The American Red Cross prevents and alleviates human suffering in the face of emergencies by mobilizing the power of volunteers and the generosity of donors.
A determined Dare Estok, recovering from surgery, went to Ocean Springs, MS, in 2005 on a trip to help Hurricane Katrina victims. While there, she heard and remembered a resident’s observation, “You can take our house, but you can’t take our spirit.”
Dare, too, believes that an open heart, a generous spirit, empathy for the suffering of others, as well as a well developed sense of humor are the limbs of a happy life. She understands that an open heart embraces suffering as well as joy. Tears fill her eyes as she reflects on the sudden loss of her husband, Jim, her soul companion, who died in her arms in 2001 when he was only fifty-five.
“Live every day as if it is the last and don’t assume that people know you love them, say it.

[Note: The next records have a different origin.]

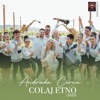 Colaj Etno (2023) - Single, 2023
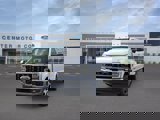 New 2025 Ford F350 4x4 Crew Cab DRW Super Duty image 2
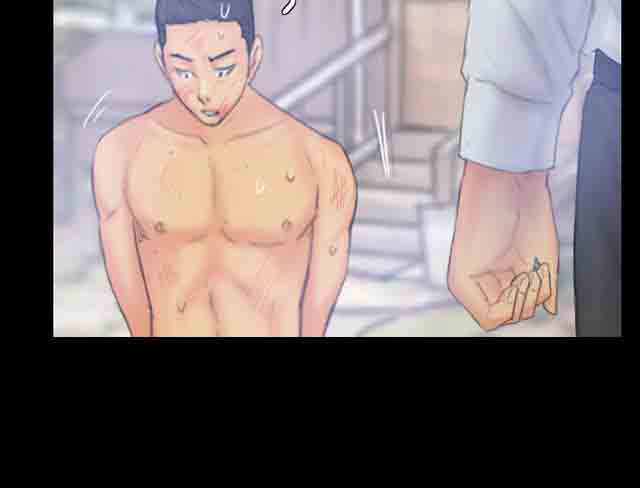 [韩国漫画] 占据人生 奇幻,巨乳大奶#[49P]-17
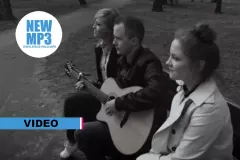 Przebój Jorrgus'a w wersji by Dziemian! - „Będziesz moja"!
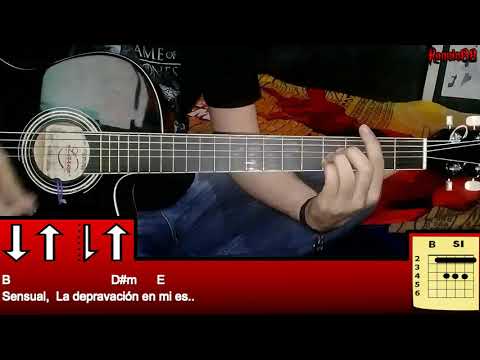 Procedimientos Para Llegar A Un Comn Acuerdo - Panda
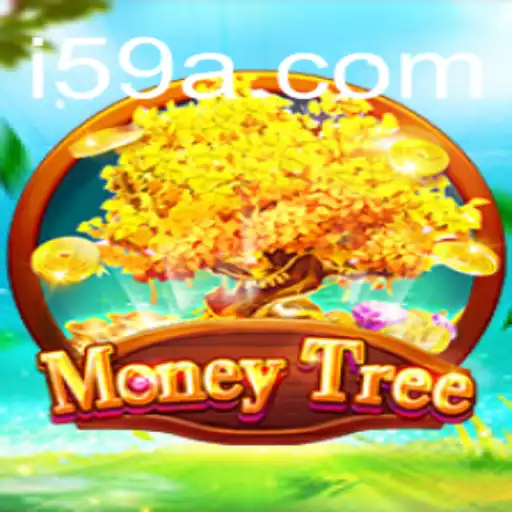 MoneyTree: A Deep Dive into the Innovative Game by 59a.com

Tell them every day,” says Dare.
A generous spirit bubbles out of Dare from a place that knows a deep loss demands that those who remain live fully, give fully, and bring joy to those around them. A prolific Red Cross volunteer, she teaches the Disaster Services Overview course, works at the VA Hospital as part of the Red Cross Service to the Armed Forces, helps with the Fire Safety House, and assists with the Red Boa Ball, the major fund raising event for the Mid-South chapter.
It was the Red Cross’s quick response after her husband’s passing that brought Dare into their service. Her son, Tom, was in the Army in Germany when her husband died at 10:30 p.m. on May 15, a Tuesday. The Red Cross got in touch with Tom’s commanding officer the morning of May 16. “. . . and in less than thirty-six hours, my son was standing by my side….Unless you go through it, you just have no idea how much you appreciate somebody stepping in to help like that,” said Dare.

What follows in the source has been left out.